# Clustering StackOverflow Q&A

EPFL Big Data Analysis Week 2 Assignment
https://www.coursera.org/learn/scala-spark-big-data/home/info

"The overall goal of this assignment is to implement a distributed k-means algorithm which clusters posts on the popular question-answer platform StackOverflow according to their score. Moreover, this clustering should be executed in parallel for different programming languages, and the results should be compared.

The motivation is as follows: StackOverflow is an important source of documentation. However, different user-provided answers may have very different ratings (based on user votes) based on their perceived value. Therefore, we would like to look at the distribution of questions and their answers. For example, how many highly-rated answers do StackOverflow users post, and how high are their scores? Are there big differences between higher-rated answers and lower-rated ones?"

Data file download link: http://alaska.epfl.ch/~dockermoocs/bigdata/stackoverflow.csv

In [3]:
import time

# Credits to Fahim Sakri 
# Source (https://medium.com/pythonhive/python-decorator-to-measure-the-execution-time-of-methods-fa04cb6bb36d)
# An annotation for timing a python function
def timeit(method):
    def timed(*args, **kw):
        ts = time.time()
        result = method(*args, **kw)
        te = time.time()
        if 'log_time' in kw:
            name = kw.get('log_name', method.__name__.upper())
            kw['log_time'][name] = int((te - ts) * 1000)
        else:
            print ("%r  %2.2f ms" % (method.__name__, (te - ts) * 1000))
        return result
    return timed

from post import Post

In [4]:
## Setup
from pyspark.sql import SparkSession
from pyspark.sql import Row
from pyspark import SparkConf, SparkContext
import pandas as pd
import numpy as np

spark = SparkSession \
    .builder \
    .appName("EPFL Wk2 Assignment") \
    .getOrCreate()
        
spark.conf.set("spark.executor.instances", 1)
spark.conf.set("spark.executor.cores", 1)
spark.conf.set("spark.cores.max", 1)
spark.sparkContext.addPyFile('post.py')

# Create RDD
data = spark.read.csv('/data/epfl-big-data-analysis/stackoverflow.csv', header=False, inferSchema=True)
data = data.withColumnRenamed("_c0", "post_type_id") # type 1 = question, type 2 = answer
data = data.withColumnRenamed("_c1", "id")
data = data.withColumnRenamed("_c2", "acceptedAnswerId")
data = data.withColumnRenamed("_c3", "parentId")
data = data.withColumnRenamed("_c4", "score")
data = data.withColumnRenamed("_c5", "tag")

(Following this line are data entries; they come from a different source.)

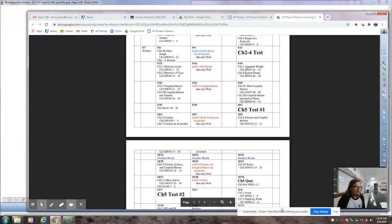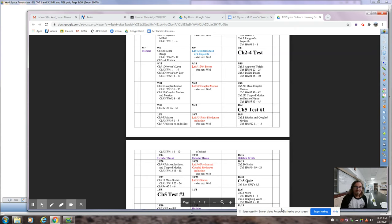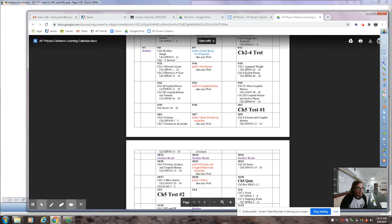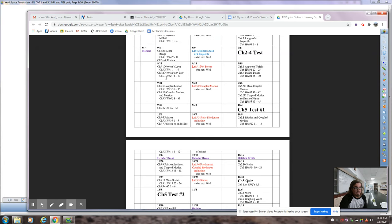Good morning AP Physics. We are right after our chapter two through four tests — this is our first day of notes. When we zoom later today, that will probably pertain to the test, but also some demonstrations from today's notes would be better saved for the zoom so we can do them live. Today we're going to do notes for chapters 5.1 and 5.2, starting Newton's Laws — very important. Newton's second law is probably the most important equation in all of physics.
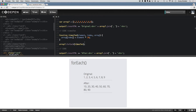So it goes through — for example, looking at our first element of 1: the element would equal 1, the index would be 0, and the array equals the original array. So we're accessing the 0th index of the original array and setting that equal to the element, which is 1, times 10. Then it goes to the next spot — the next element is 2, and the index is 1. It goes through the entire array like that and runs the function for every element.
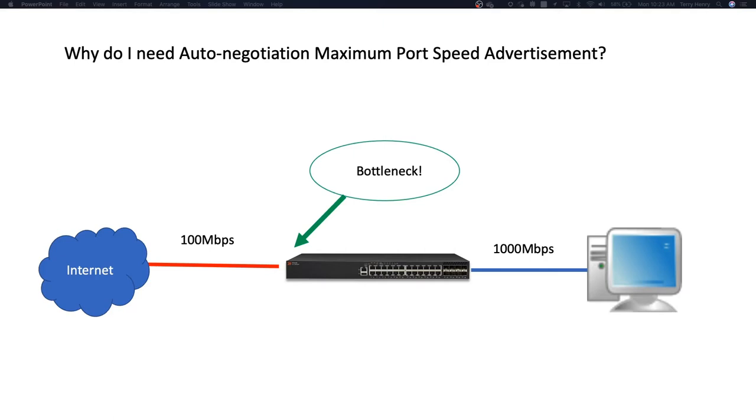So if they negotiate, if they auto-negotiate at gig, then they think they can send a gig of traffic and the switch will then rudely drop all of their traffic beyond the rate limit for the remainder of the second and then the next second that that cycle starts over again. But basically, you're just throwing away their traffic.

#data = pd.read_csv('/data/epfl-big-data-analysis/stackoverflow.csv', 
#                   names=["post_type_id", "id", "acceptedAnswerId", "parentId", "score", "tag"],
#                   dtype={'post_type_id': np.int64, 'score': np.float16})


In [42]:
# Confirm the tag attribute is a single word indicating the language
v = data.select('tag').distinct()
print(v.collect())

[Row(tag='C#'), Row(tag='JavaScript'), Row(tag='Perl'), Row(tag=None), Row(tag='C++'), Row(tag='Groovy'), Row(tag='Objective-C'), Row(tag='CSS'), Row(tag='MATLAB'), Row(tag='Haskell'), Row(tag='Scala'), Row(tag='Clojure'), Row(tag='PHP'), Row(tag='Ruby'), Row(tag='Python'), Row(tag='Java')]


In [5]:
posts = spark.sparkContext.parallelize(data.head(10))

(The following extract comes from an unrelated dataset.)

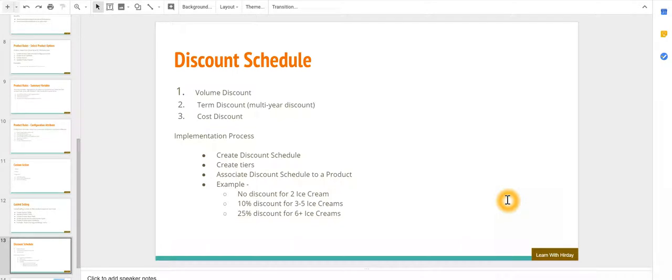In this video we are going to learn about discount schedules. As a CPQ user you want to give various discounts to your users. It could be a partner discount, a channel discount, or a system discount in CPQ world.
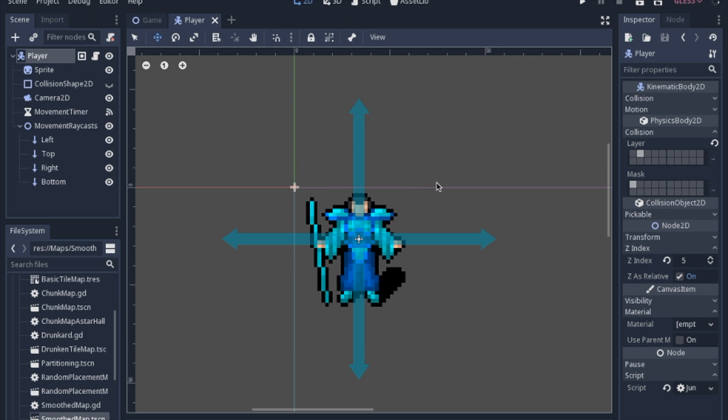So today, we are going to go on a grand adventure of learning about movement, inputs, and raycasts.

### Step 1 Preparation - Grouped posts by question
First we use the map function to create kv pairs for each type of posts namely questions and answers.  
Then a join operation is used for merging the two datasets.  A dataset `RDD[(QID, Iterable(Question, Answer))]` should be useful, the key is the ID of the question post and the values is a collection of tuple (Question, Answer).

In [24]:
questions = posts.filter(lambda p: p.post_type_id == 1).map(lambda p: (p.id, p))
answers = posts.filter(lambda p: p.post_type_id == 2).map(lambda p: (p.parentId, p))
grouped = questions.join(answers).groupByKey() # Use inner join to exclude posts with no answers
print(questions.take(1))
print(answers.take(1))
print(grouped.take(2))

[(27233496, Row(post_type_id=1, id=27233496, acceptedAnswerId=None, parentId=None, score=0, tag='C#'))]
[(5484340, Row(post_type_id=2, id=5494879, acceptedAnswerId=None, parentId=5484340, score=1, tag=None))]
[(5484340, <pyspark.resultiterable.ResultIterable object at 0x7f44f91cacf8>), (9002525, <pyspark.resultiterable.ResultIterable object at 0x7f44f91caef0>)]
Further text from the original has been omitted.